To help understand these relationships, consider the analogy of being in the driver’s seat of a car. Imagine the car has a constant speed of 40 miles per hour. The car has been designed to go this speed with your feet off the peddles. (Not a particularly safe design feature, I’ll grant. But this is a thought experiment. So ride along with me for a little while. I promise we won’t crash.) Now, when you increase (↑) pressure on the gas peddle the car’s speed increases (↑). If you then decrease (↓) pressure on the gas peddle the car’s speed decreases (↓) until it returns to the original 40 MPH. That’s the direct relationship illustrated between “A” and “B” in Figure 2. As “A” increases, so does “B.” Increase pressure on the gas peddle and the speed of the car increases. As “A” decreases, so does “B.” Decrease pressure on the gas peddle and the car speed decreases until it slows down the the original 40 MPH. More of “A” results in more of “B” (↑↑) while less of “A” results in less of  “B.” (↓↓)

Now for the brake. If you increase (↑) pressure on the brake peddle the car’s speed decreases (↓) – it slows down to something less than 40 miles per hour. Increase the pressure on the brake enough and the car will stop. However, if you decrease (↓) pressure on the brake the car’s speed begins to increase (↑). If you remove all pressure on the brake peddle, the car returns to the constant 40 mile per hour speed. That’s the inverse relationship illustrated between “A” and “B” in Figure 3. As “A” increases, “B” goes the opposite way and decreases. Increase pressure on the brake peddle and the speed of the car decreases. As “A” decreases, “B” goes the opposite way and increases. Decrease pressure on the brake and the speed of the car increases until it is once again moving at 40 MPH. More of “A” results in of less of “B” (↑↓) while less of “A” results in more of  “B.” (↓↑)

For an example of these relationships in action, let’s look at the dynamics behind two cosmic quandaries: Which came first, the chicken or the egg and why do chickens cross the road?

No matter which came first, eggs come from chickens and chickens come from eggs. If the number of eggs increase, the number of chickens will increase. If the number of eggs decrease, the number of chickens will decrease (Figure 4.)

Figure 4

If the number of chickens increase, the number of eggs will increase.
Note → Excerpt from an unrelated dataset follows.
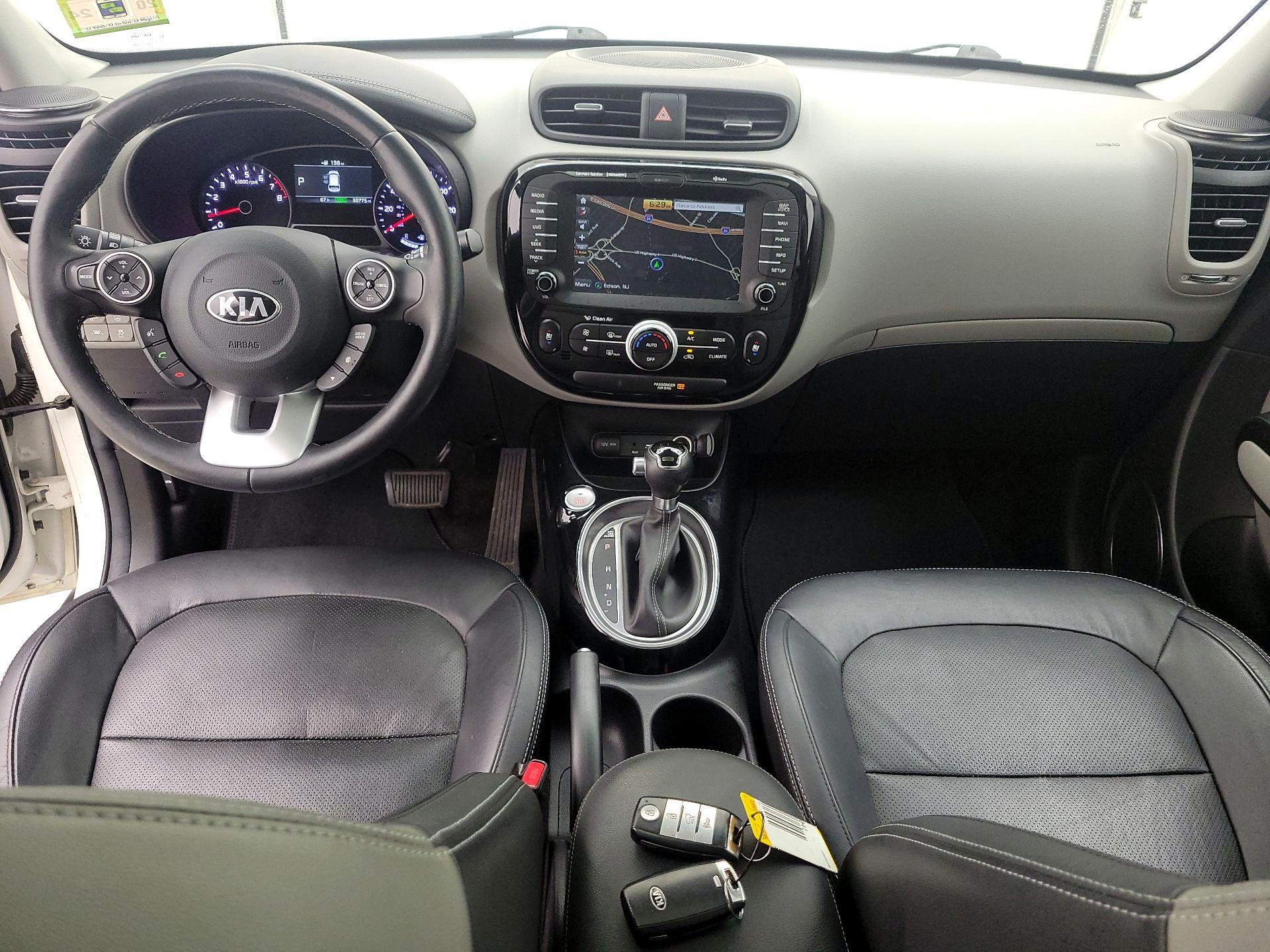 Thumbnail: 2017 Kia Soul - 9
If the number of chickens decrease, the number of eggs will decrease (Figure 5.)

Figure 5

These are direct relationships as described for Figure 2. Taken together, the causal loop diagram is shown in Figure 6.

Figure 6

If times are good, there are more and more eggs leading to more and more chickens and Chicken World starts to get a bit crowded. In search of a better life, some of the chickens decide to cross the road (now you know why they cross the road!) Another direct relationship in the system (Figure 7.)

Figure 7

However, life is so good on the other side of the road that chickens never cross back over to where they started. An increase in the number road crossings result in a decrease in the number of chickens. (Figure 8.) This is an inverse relationship as described for Figure 3.

Figure 8

Connecting all the pieces, the very simple causal loop diagram describing Chicken World is shown in Figure 9.

Figure 9

This simple example illustrates how systems stay balanced. If there are too many eggs, leading to too many chickens, more chickens cross the road until the population is restored to a sustainable level. If too many chickens cross the road, the number of chickens decrease and therefore so do the number of eggs which means there are fewer chickens crossing road. Once again, the population is eventually restored to a sustainable level.

That’s all the system dynamics you’ll need to read the causal loop diagrams presented in subsequent posts.